醤油ではないんだろうけど、なにやらスパイシーな味が絡んでいて、フライドポテトが程よくしんなりとして、牛肉・玉ねぎと絡んでいる。これについてくるご飯、そして目玉焼きを別に注文して載せてグチャグチャにかき混ぜて食べると、スペシャルな旨さ爆発なんである!

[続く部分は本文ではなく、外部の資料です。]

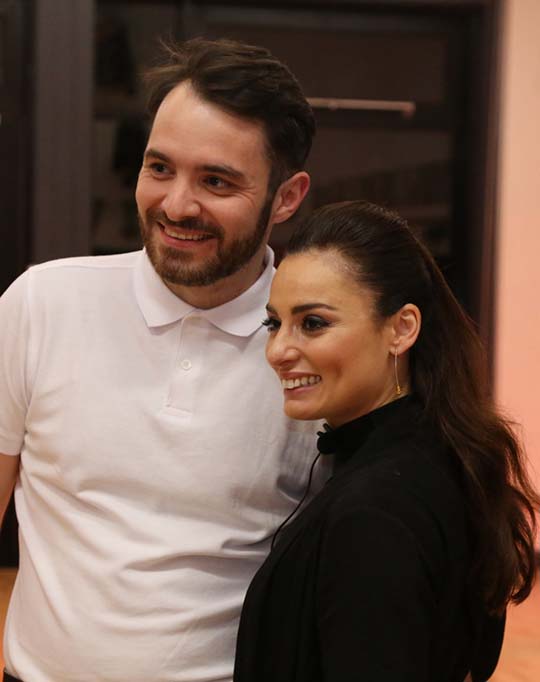 Flavia Cacace Workshop May 2019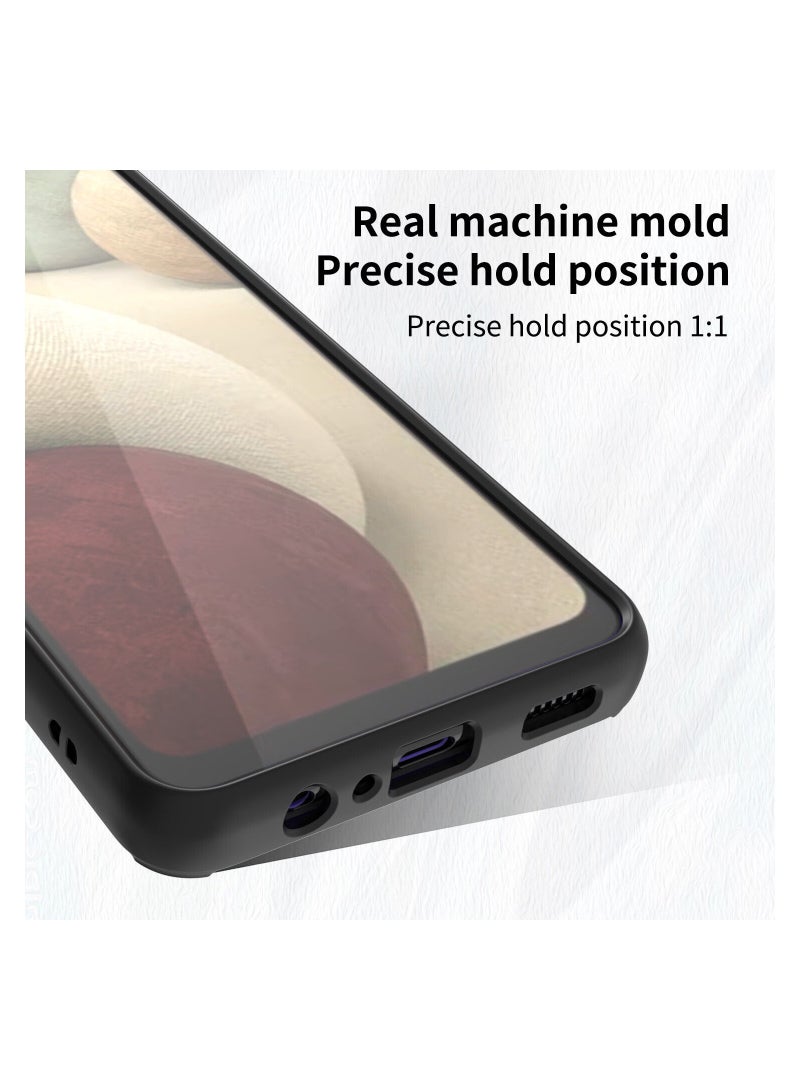 جراب Samsung Galaxy A14 حافظة معدنية بحلقة تثبيت مسنده حامل مغناطيسي للسيارة مقاوم للصدمات ماتي صلب خلفي ممتص للصدمات لهاتف Samsung Galaxy A14 - Image 4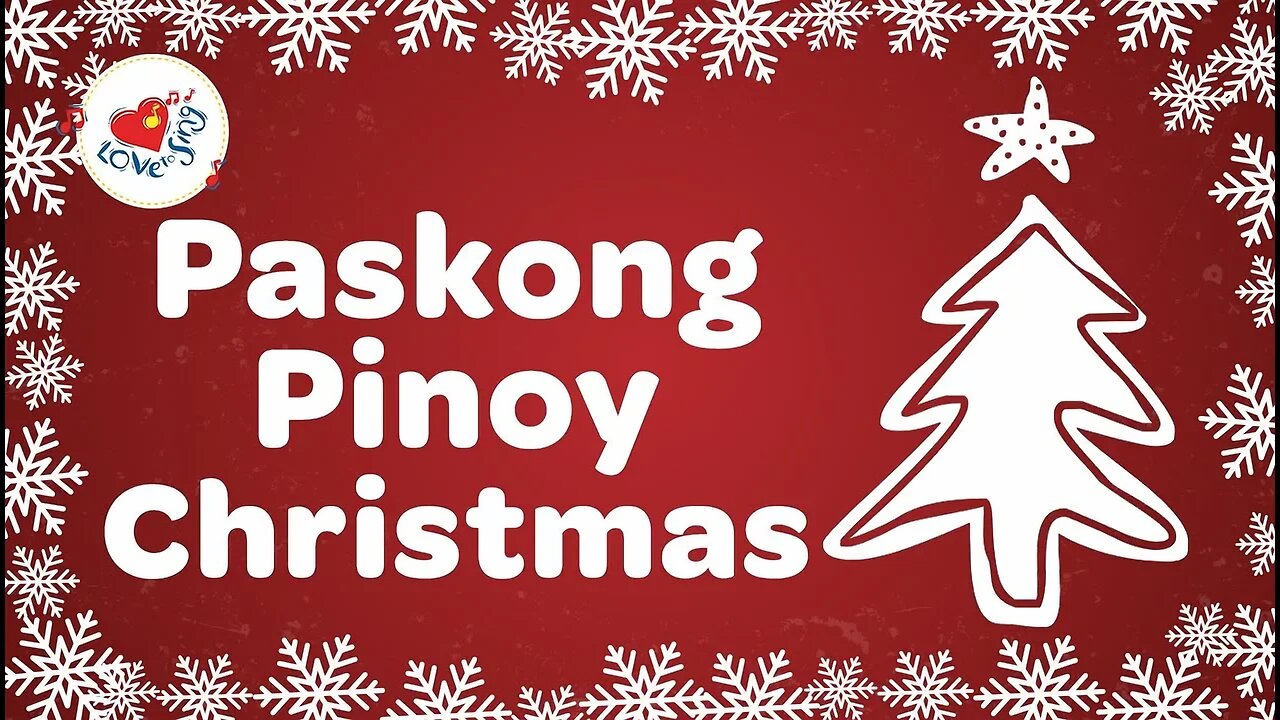 Paskong Pinoy Top 21 Christmas Songs and Carols Playlist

「いやー 無茶苦茶 旨いっスね! 学校の近くにこういう店があったらいいのに!」
「そうだろ ペルー料理はまずいなんて誰が言ったんだ!?宗旨替えしなさい!」
「はい もうしました、、、」
そして本日、初めて食べる一品。柴田さんご推奨の料理だ。
■ペスカ・ド・アロ・マチョ (←って読むのかわからないけど)
これ、魚のカレイをフライにしたものにオレンジがかったクリームソースがかかっているのだが、そのクリームソースの中に玉子が入っているという、我々日本人には少し不思議な料理だ。はたして、ソースの色はオレンジ色を基調にしているものの、クリームの粒と玉子のトロリとした感じの粒子が混ざって不可思議感を醸し出している。
これも別盛りでついてきたご飯に載せて食べてみる。
「おおっ」
「うおっ旨い!」
なんだかよく分からない味の組成なんだけれども、これは旨い!
僕は最初ミントのような、少しスッとする香りを感じたのだが、食べている内にそれは違うものに変容していった。このクリームソースは、何から出来ているのかが全く分からない。溶いた玉子がかき玉とはまた違う感じでトロリととけ込んでいて、これがいっそう不思議に美味しい感覚を強めている。
これはかなりワンダフルな一品であると、言わざるを得ない!
「いやー美味しいねぇ!」
「○△☆★◎■ ありがとうゴザイマス」
とお母さんがニッコリ微笑んでくれる。どうみても日本の人みたいなんだけどね。やはり人類、繋がっているのである。
いやぁ 大満足!これは本当に旨い店であった。
勘定は6800円程度。まあ量的にみると、今日のオーダーはふつうは3人でお腹一杯になるところでしょう。僕はともかくバイトのH君は180センチの剣道出身の猛者だし、、、と考えると、かなりお得な感じだと思う。
僕らが食べ終わるころ、ペルー人のカップルが入ってきて座り、「ロモ・サルタド」と頼んでいた。やっぱり国民的定食なんだな!
いや旨かった!
ただ、藤沢市というロケーションは、現在東京住まいの僕には少し遠いので、わざわざ腰を上げるかというとかなり微妙なのだが、でも川崎の「インティライミ」で美味しいと思った人には、同じように美味しく、しかも味の傾向が少しずつ違い、違う料理も楽しめるという意味で非常に穴場だと思う。
しかしさすがに南米料理オタクの柴田さんである。彼のお薦め店で外れたことは一回もない。
実は彼の最近のお薦めが、新橋にある、日本人が腕を振るうペルー料理屋だという。ここにもいずれ行ってみたい!と思いつつ腹一杯の夜であった。